GIVEN RECORDS Start Marker

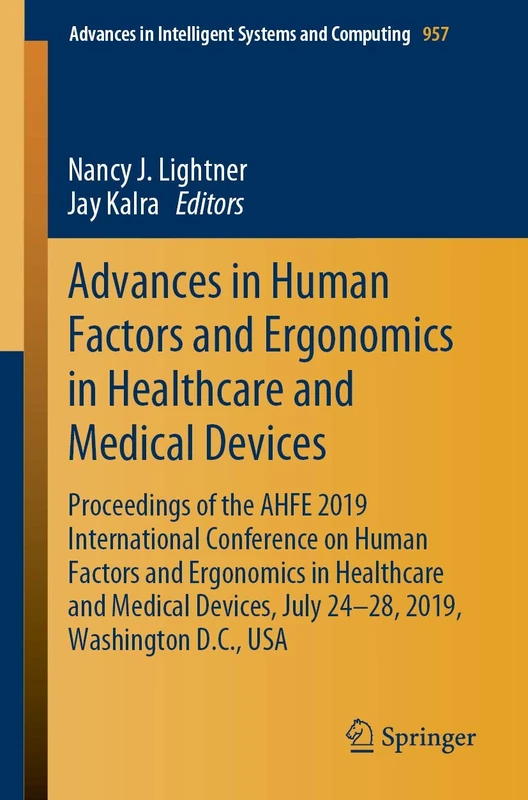 Advances in Human Factors and Ergonomics in Healthcare and Medical Devices: Proceedings of the AHFE 2019 International Conference on Human Factors and ... in Intelligent Systems and Computing, 957)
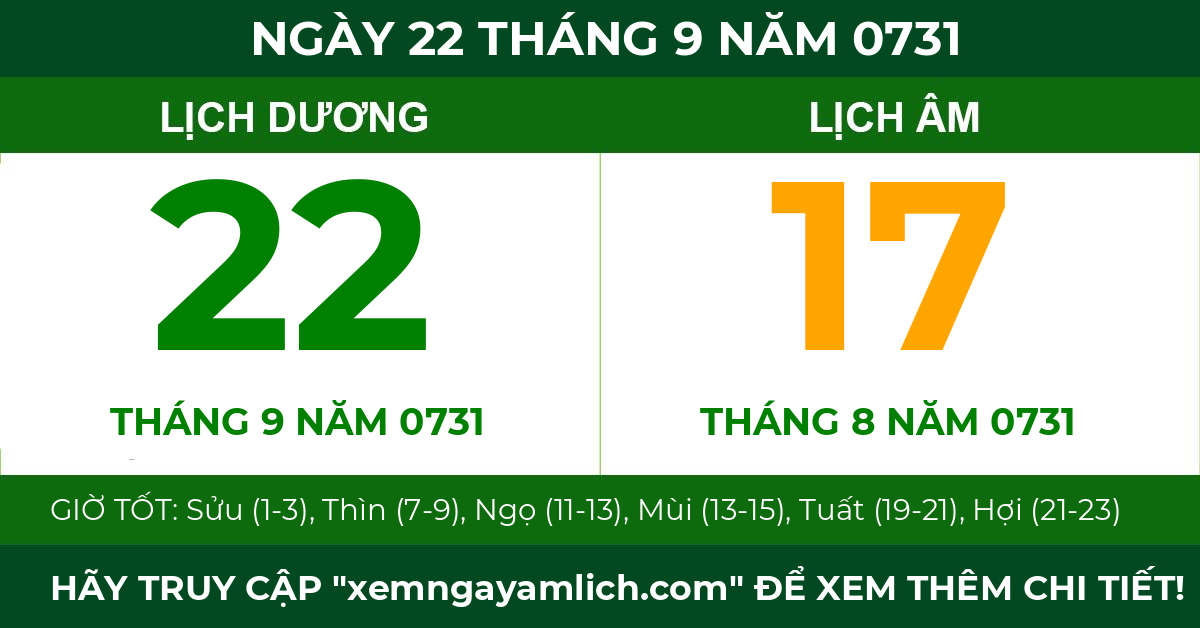 lịch âm ngày 22 tháng 9 năm 0731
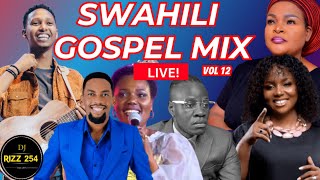 🔴SWAHILI GOSPEL MIX VOL12LIVEDJ RIZZ Ft Sarah KIsrael MbonyiGuardian AngelBahati BukukuObby [upl. by Arremat]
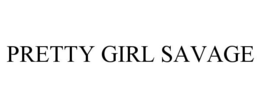 PRETTY GIRL SAVAGE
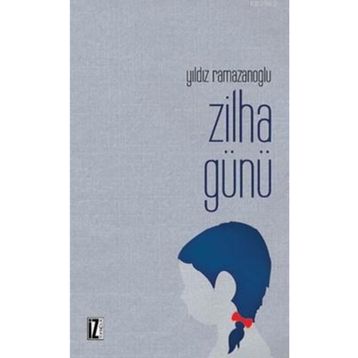 ZILHA GÜNÜ - YILDIZ RAMAZANOĞLU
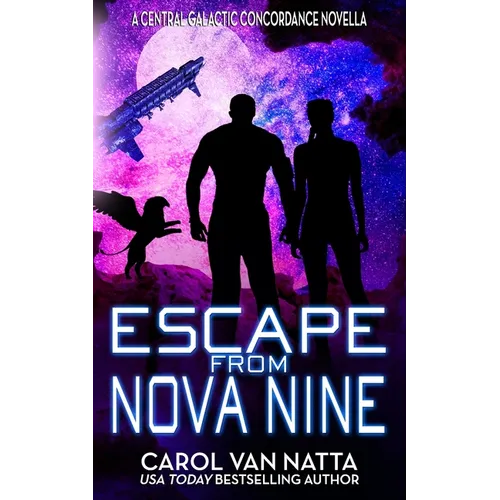 Escape from Nova Nine: A Space Opera Adventure with Romance, Pirates, and Pets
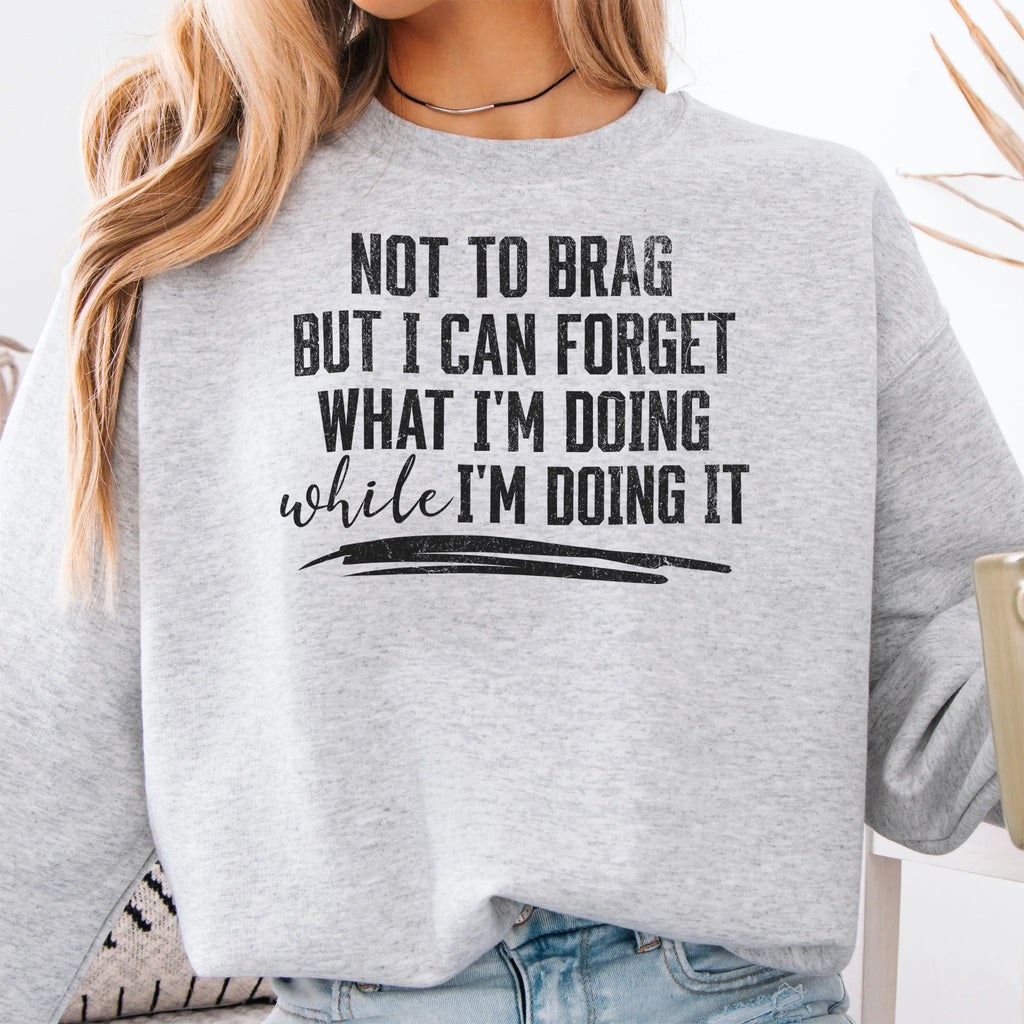 Ash Oakley June Sweatshirt front view large text Not To Brag But I Can Forget What I’m Doing While I’m Doing It underline distressed print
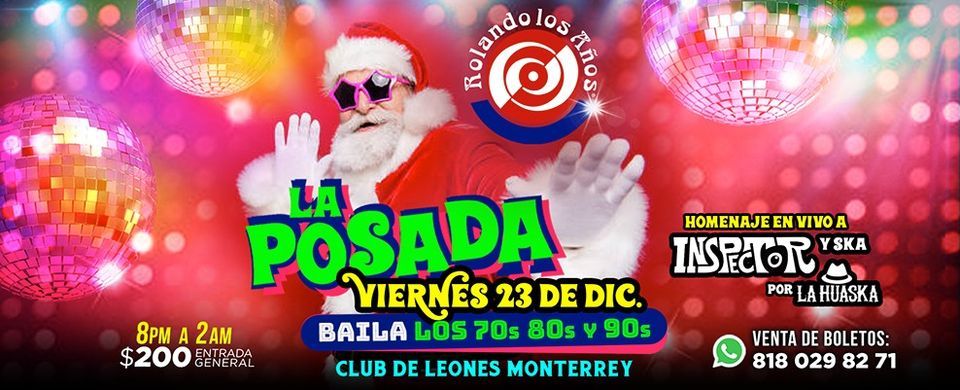 Rolando los Años | Club De Leones Monterrey | December 23 to December 24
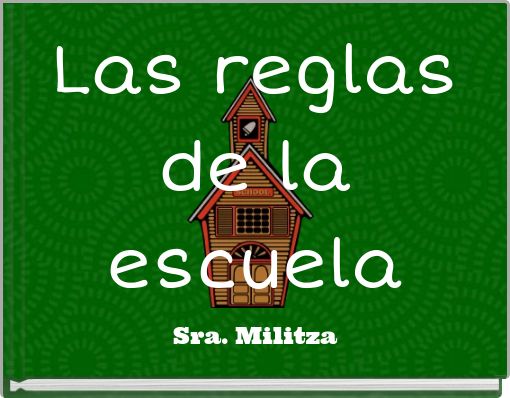 Las reglas de la escuela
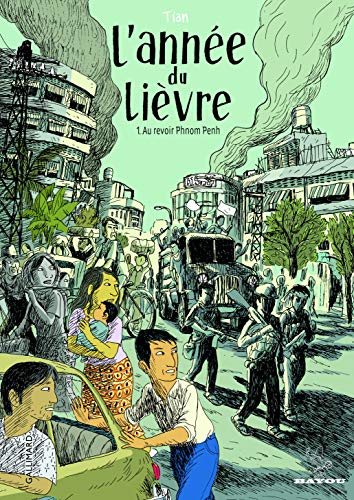 jaquette livre L'année Du Lièvre Tome 1 - Au Revoir Phnom Penh
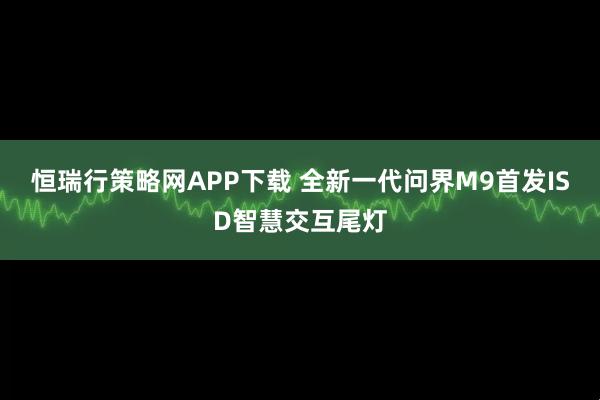 恒瑞行策略网APP下载 全新一代问界M9首发ISD智慧交互尾灯
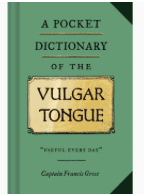 A Pocket Dictionary of the Vulgar Tongue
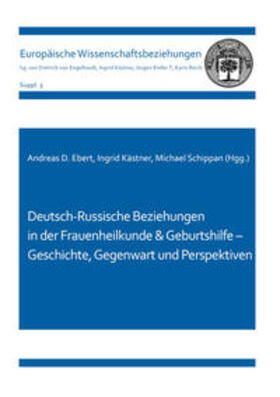 Ebert / Kästner / Schippan |  Deutsch-Russische Beziehungen in der Frauenheilkunde & Geburtshilfe – Geschichte, Gegenwart und Perspektiven | Buch |  Sack Fachmedien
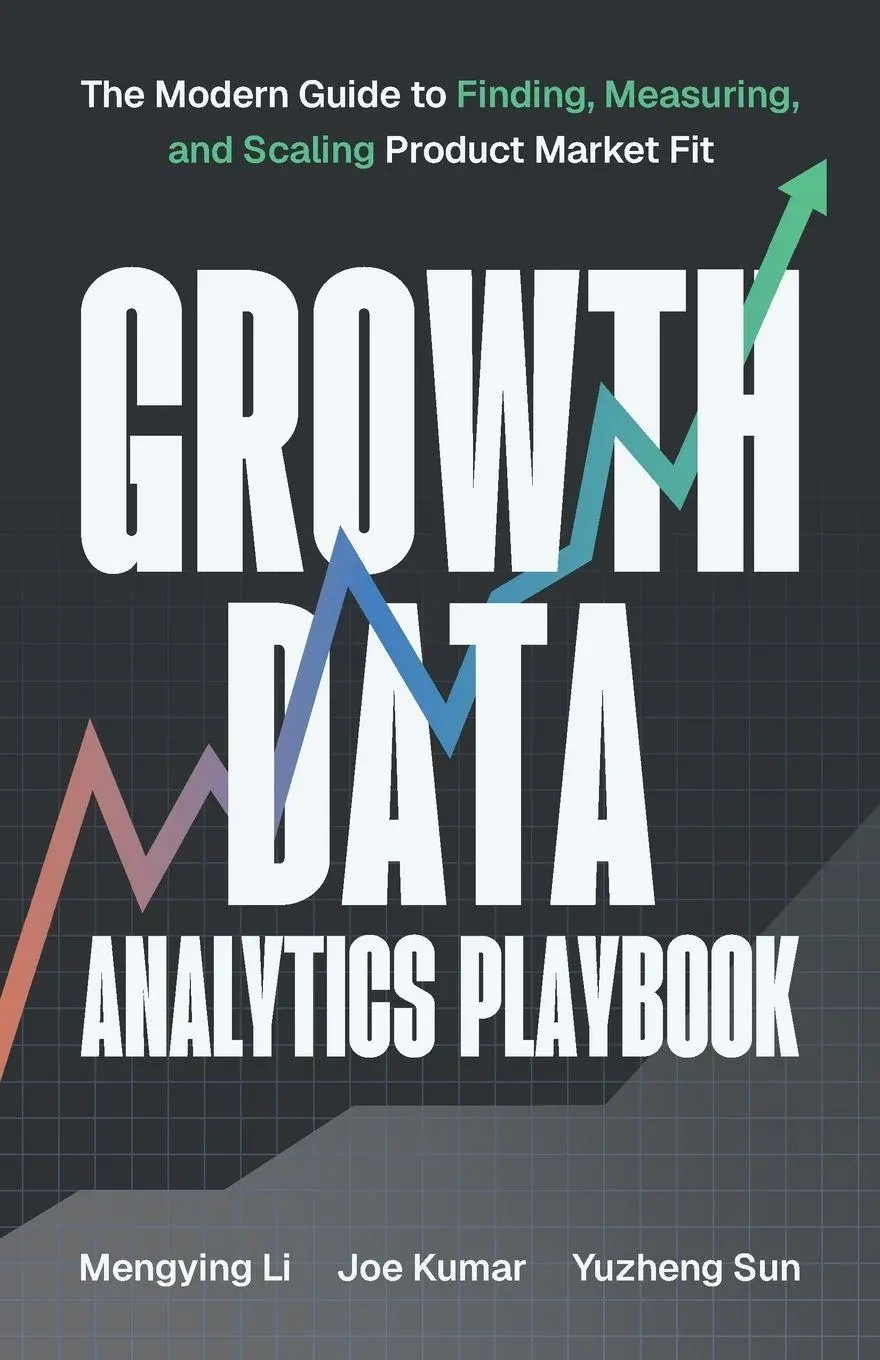 Cover: 9781544549828 | Growth Data Analytics Playbook | Mengying Li (u. a.) | Taschenbuch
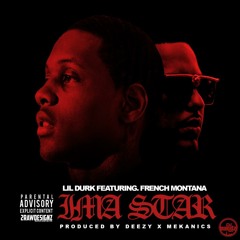 Lil Durk F/ French Montana -Im A Star [Prod By @theKidDeezy X Mekanics]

GIVEN RECORDS End Marker

▶ [ASSIGNMENT]:
No pictures belong in the answer, only the lines from the top of the listing through the line containing "Escape from Nova", repeated word for word.

▶ [TASK ANSWER]:
 Advances in Human Factors and Ergonomics in Healthcare and Medical Devices: Proceedings of the AHFE 2019 International Conference on Human Factors and ... in Intelligent Systems and Computing, 957)
 lịch âm ngày 22 tháng 9 năm 0731
 🔴SWAHILI GOSPEL MIX VOL12LIVEDJ RIZZ Ft Sarah KIsrael MbonyiGuardian AngelBahati BukukuObby [upl. by Arremat]
 PRETTY GIRL SAVAGE
 ZILHA GÜNÜ - YILDIZ RAMAZANOĞLU
 Escape from Nova Nine: A Space Opera Adventure with Romance, Pirates, and Pets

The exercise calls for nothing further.